### Activity
Only the lines from the one holding "E&K Sunrise 20'" through the end of the records below are to be reproduced exactly, and pictures are to be omitted.

### Material supplied

----

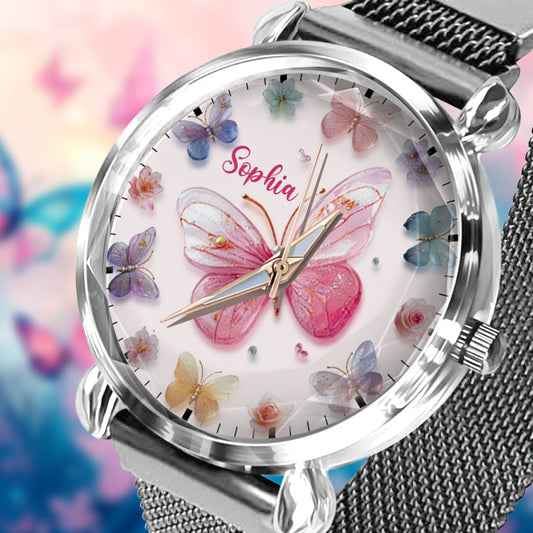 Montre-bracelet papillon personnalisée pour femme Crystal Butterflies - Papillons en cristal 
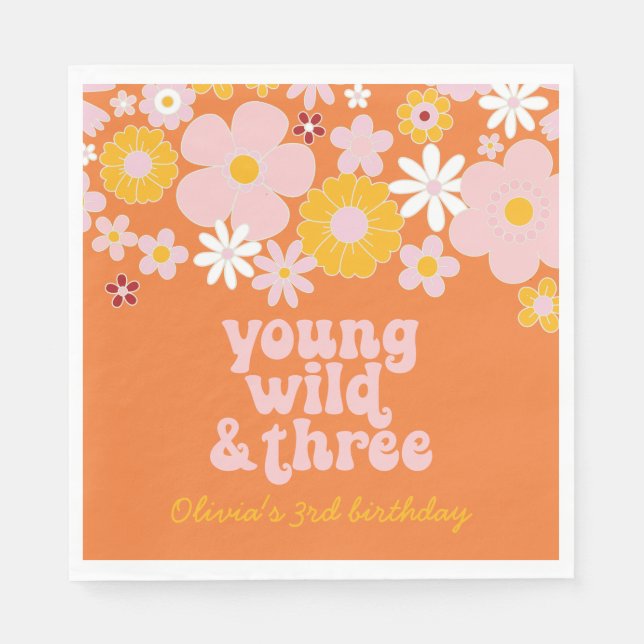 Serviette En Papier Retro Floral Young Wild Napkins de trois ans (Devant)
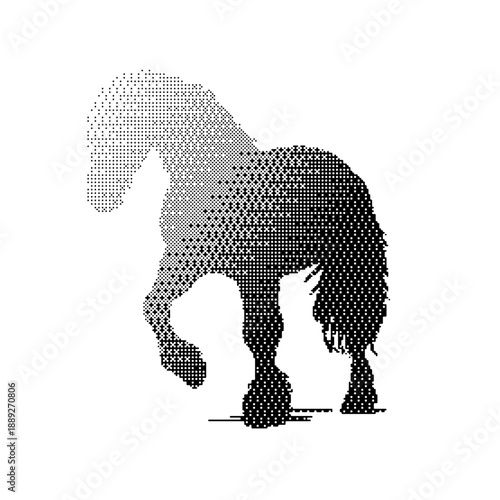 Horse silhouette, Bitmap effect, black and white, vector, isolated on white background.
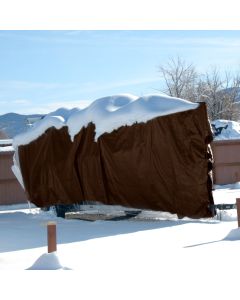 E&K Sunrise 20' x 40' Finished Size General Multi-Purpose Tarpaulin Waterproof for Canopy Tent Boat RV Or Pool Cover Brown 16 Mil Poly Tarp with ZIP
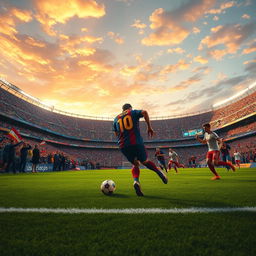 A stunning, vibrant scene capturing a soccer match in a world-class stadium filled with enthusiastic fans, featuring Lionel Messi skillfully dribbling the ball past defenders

----

### Solution for this exercise
 E&K Sunrise 20' x 40' Finished Size General Multi-Purpose Tarpaulin Waterproof for Canopy Tent Boat RV Or Pool Cover Brown 16 Mil Poly Tarp with ZIP
 A stunning, vibrant scene capturing a soccer match in a world-class stadium filled with enthusiastic fans, featuring Lionel Messi skillfully dribbling the ball past defenders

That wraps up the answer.